Nel caos ordinato del mondo digitale, basta poco per accendere un’allerta nazionale. È quanto accaduto recentemente in Italia, dove diversi quotidiani, tra cui testate di primo piano come Il Fatto Quotidiano, hanno riportato la notizia di un presunto massiccio data breach ai danni di figure istituzionali di rilievo come il presidente della Repubblica Sergio Mattarella e la premier Giorgia Meloni. Secondo la narrazione iniziale, sarebbero finiti online migliaia di numeri di telefono e dati personali appartenenti a membri del governo, delle forze armate, della Guardia di Finanza, Polizia e Carabinieri. Un colpo da manuale, a detta di molti. Ma la verità è che non c’è stato alcun colpo.

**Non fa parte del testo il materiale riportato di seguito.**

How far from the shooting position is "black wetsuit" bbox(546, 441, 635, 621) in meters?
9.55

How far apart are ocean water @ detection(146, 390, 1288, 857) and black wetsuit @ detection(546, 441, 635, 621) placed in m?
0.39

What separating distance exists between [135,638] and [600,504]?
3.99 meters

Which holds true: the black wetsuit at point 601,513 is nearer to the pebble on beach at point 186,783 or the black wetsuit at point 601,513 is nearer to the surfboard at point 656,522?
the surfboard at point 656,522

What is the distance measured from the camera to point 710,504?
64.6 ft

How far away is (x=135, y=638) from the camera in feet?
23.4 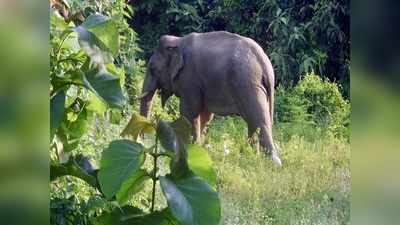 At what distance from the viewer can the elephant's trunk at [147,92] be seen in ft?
6.25

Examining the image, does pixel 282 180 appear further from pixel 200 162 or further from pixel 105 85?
pixel 105 85

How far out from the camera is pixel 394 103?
0.56 m

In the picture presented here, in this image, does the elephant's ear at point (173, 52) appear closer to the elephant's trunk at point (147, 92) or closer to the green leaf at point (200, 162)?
the elephant's trunk at point (147, 92)

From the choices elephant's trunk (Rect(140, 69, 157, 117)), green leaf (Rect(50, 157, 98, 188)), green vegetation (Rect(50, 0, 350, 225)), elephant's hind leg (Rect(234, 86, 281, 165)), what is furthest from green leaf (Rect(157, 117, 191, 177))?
elephant's hind leg (Rect(234, 86, 281, 165))

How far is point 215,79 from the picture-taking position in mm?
2252

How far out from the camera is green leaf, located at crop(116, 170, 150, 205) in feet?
3.12

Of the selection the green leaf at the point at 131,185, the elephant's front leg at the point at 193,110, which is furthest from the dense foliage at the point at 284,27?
the green leaf at the point at 131,185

il fatto quotidiano mezza repubblica online

A far scattare il panico è stata una segnalazione pubblicata su LinkedIn dall’informatico Andrea Mavilla, che dichiarava di aver individuato un database “rubato” contenente migliaia di contatti sensibili. Il post originale è poi sparito, ma nel frattempo la macchina della disinformazione aveva già ingranato la quarta. Il punto d’innesco della vicenda è stato proprio il tono allarmistico e la presunta portata dell’evento, capace di trascinare nel vortice l’opinione pubblica e perfino alcuni enti istituzionali. In particolare, l’Agenzia per la Cybersicurezza Nazionale (ACN) aveva risposto in modo tanto secco quanto efficace: “A noi pare una bufala”.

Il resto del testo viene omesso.